┏━━

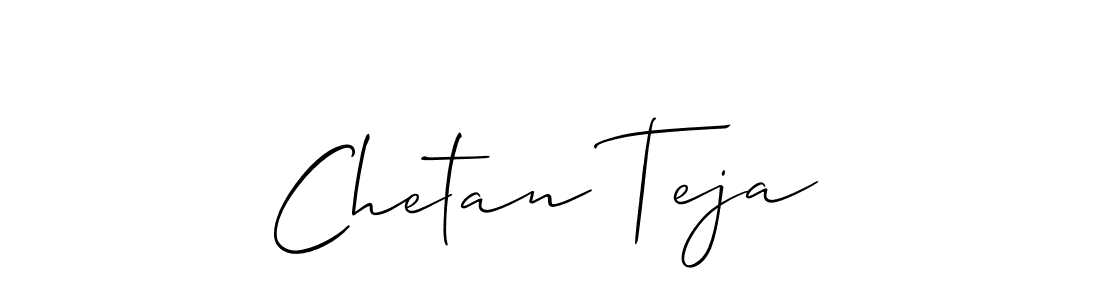 It looks lik you need a new signature style for name Chetan Teja. Design unique handwritten (Allison_Script) signature with our free signature maker in just a few clicks. Chetan Teja signature style 2 images and pictures png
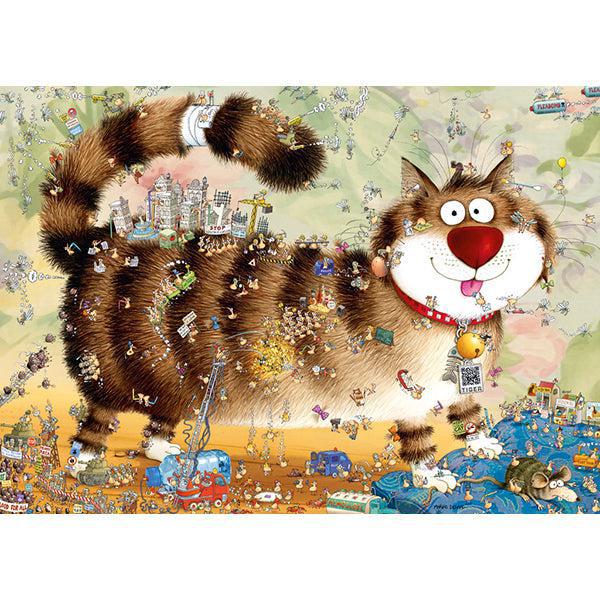 At the Cat Look Closely Seek & Find 1000 Piece Jigsaw Puzzle Heye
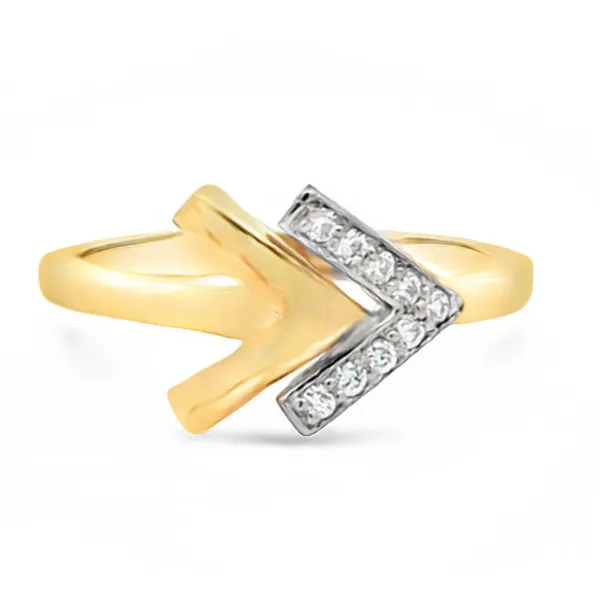 14kt Yellow and White Gold Diamond Ring Stambaugh Jewelers Defiance, OH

┗━━

- **What you are asked to do**: Leave the pictures out and output the rest of the listing exactly.

- **Reply**:
 It looks lik you need a new signature style for name Chetan Teja. Design unique handwritten (Allison_Script) signature with our free signature maker in just a few clicks. Chetan Teja signature style 2 images and pictures png
 At the Cat Look Closely Seek & Find 1000 Piece Jigsaw Puzzle Heye
 14kt Yellow and White Gold Diamond Ring Stambaugh Jewelers Defiance, OH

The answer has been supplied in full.